The Company hereby certifies to the Commission that (i) it has instructed its bank to pay the Commission the filing fee set forth on the cover page of this registration statement by wire transfer of such amount to the Commission’s account as soon as practicable (but no later than the close of business on December 9, 2009); (ii) it will not revoke such instruction; (iii) it has sufficient funds in the relevant account to cover the amount of such filing fee; and (iv) it will confirm receipt of such instructions by its bank during the bank’s regular business hours no later than December 9, 2009.


SIGNATURES

Pursuant to the requirements of the Securities Act of 1933, as amended, the registrant has duly caused this Registration Statement to be signed on its behalf by the undersigned, thereunto duly authorized, in the City of New York, State of New York, on December 8, 2009.

 

MEDIDATA SOLUTIONS, INC.
By:  

/s/    TAREK A. SHERIF        

 

Tarek A. Sherif

Chairman and Chief Executive Officer

Pursuant to the requirements of the Securities Act of 1933, as amended, this Registration Statement has been signed by the following persons in the capacities indicated on December 8, 2009.

 

Signature

 

Title

/s/    TAREK A. SHERIF        

  Chairman, Chief Executive Officer
Tarek A. Sherif   (Principal Executive Officer) and Director

/s/    BRUCE D. DALZIEL        

  Chief Financial Officer
Bruce D. Dalziel   (Principal Financial Officer)
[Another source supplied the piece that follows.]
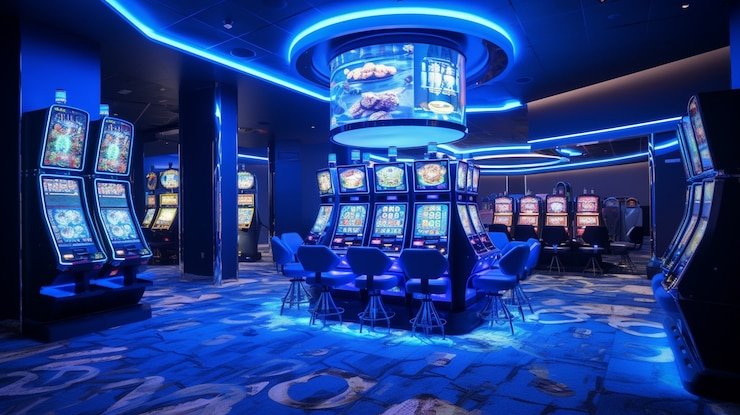 mwin Arcade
/s/    CORY DOUGLAS        

  Controller
Cory Douglas   (Principal Accounting Officer)

*

  Director
Glen M. de Vries  

*

  Director
Carlos Dominguez  

*

  Director
Neil M. Kurtz, M.D.  

*

  Director
George McCulloch  

*

  Director
Peter Sobiloff  

*

  Director
Robert B. Taylor  

 

* By:  

/s/    TAREK A. SHERIF        

 

Tarek A. Sherif

Attorney-in-Fact


EXHIBIT INDEX

 

Exhibit

No.

 

Description

  5.1   Opinion of Fulbright & Jaworski L.L.P.
23.1   Consent of Fulbright & Jaworski L.L.P. (included in Exhibit 5.1).
23.2   Consent of Deloitte & Touche LLP.
23.3   Consent of Deloitte & Touche LLP.
   24.1 *   Power of Attorney of Tarek A. Sherif.
   24.2 *   Power of Attorney of Bruce D. Dalziel.
   24.3 *   Power of Attorney of Cory Douglas.
   24.4 *   Power of Attorney of Glen M. de Vries.
   24.5 *   Power of Attorney of Carlos Dominguez.
   24.6 *   Power of Attorney of Neil M. Kurtz, M.D.
   24.7 *   Power of Attorney of George McCulloch.
   24.8 *   Power of Attorney of Peter Sobiloff.
   24.9 *   Power of Attorney of Robert B. Taylor.

 

* Incorporated by reference to the same numbered exhibit to Medidata Solutions, Inc.’s Registration Statement on Form S-1 (SEC File No. 333-163235) filed on November 19, 2009.